Granula was invented in Dansville, New York by Dr. James Caleb Jackson at the Jackson Sanitarium in 1863. The Jackson Sanitarium was a prominent health spa that operated into the early 20th century on the hillside overlooking Dansville. It was also known as Our Home on the Hillside; thus the company formed to sell Jackson's cereal was known as the Our Home Granula Company. Granula was composed of Graham flour and was similar to an oversized form of Grape-Nuts. A similar cereal was developed by John Harvey Kellogg. It too was initially known as Granula, but the name was changed to Granola to avoid legal problems with Jackson.
The food and name were revived in the 1960s, and fruits and nuts were added to it to make it a health food that was popular with the health and nature-oriented hippie movement. At the time, several people claim to have revived or re-invented granola. During Woodstock, a soon-to-be hippie icon known as Wavy Gravy, popularized granola as a means of feeding large numbers of people during the festival. Another major promoter was Layton Gentry, profiled in Time as "Johnny Granola-Seed". In 1964, Gentry sold the rights to a granola recipe using oats, which he claimed to have invented himself, to Sovex Natural Foods for $3,000.
The company was founded in 1953 in Holly, Michigan by the Hurlinger family with the main purpose of producing a concentrated paste of brewers yeast and soy sauce known as "Sovex". Earlier in 1964, it had been bought by John Goodbrad and moved to Collegedale, Tennessee. In 1967, Gentry bought back the rights for west of the Rockies for $1,500 and then sold the west coast rights to Wayne Schlotthauer of Lassen Foods in Chico, California, for $18,000. Lassen was founded from a health food bakery run by Schlotthauer's father-in-law. Canadian rights were ceded in 1972 to the Congregation Shalom Ba-olam, a charitable organization which produced "Layton Gentry's Original Crunchy Granola" as a fundraiser.
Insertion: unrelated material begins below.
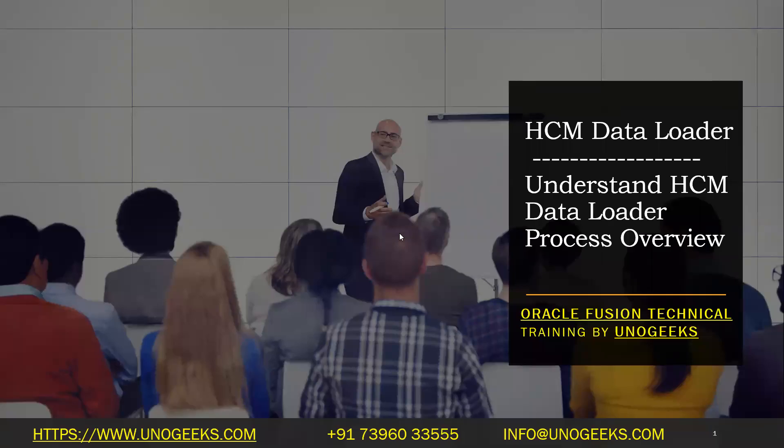Hello everyone, good morning. Welcome to Oracle Fusion technical training by Unogeeks. In this video we'll see how to use HCM data loader to do the bulk data upload into HCM modules.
In 1972, an executive at Pet Milk (later Pet Incorporated) of St. Louis, Missouri, introduced Heartland Natural Cereal, the first major commercial granola. At almost the same time, the Quaker Oats Company introduced Quaker 100% Natural Granola. Quaker was threatened with legal action by Gentry, and they subsequently changed the name of their product to Harvest Crunch. Within a year, Kellogg's had introduced its "Country Morning" granola cereal and General Mills had introduced its "Nature Valley". In 1974, McKee Baking (later McKee Foods), makers of Little Debbie snack cakes, purchased Sovex. In 1998, the company also acquired the Heartland brand and moved its manufacturing to Collegedale. In 2004, Sovex's name was changed to "Blue Planet Foods".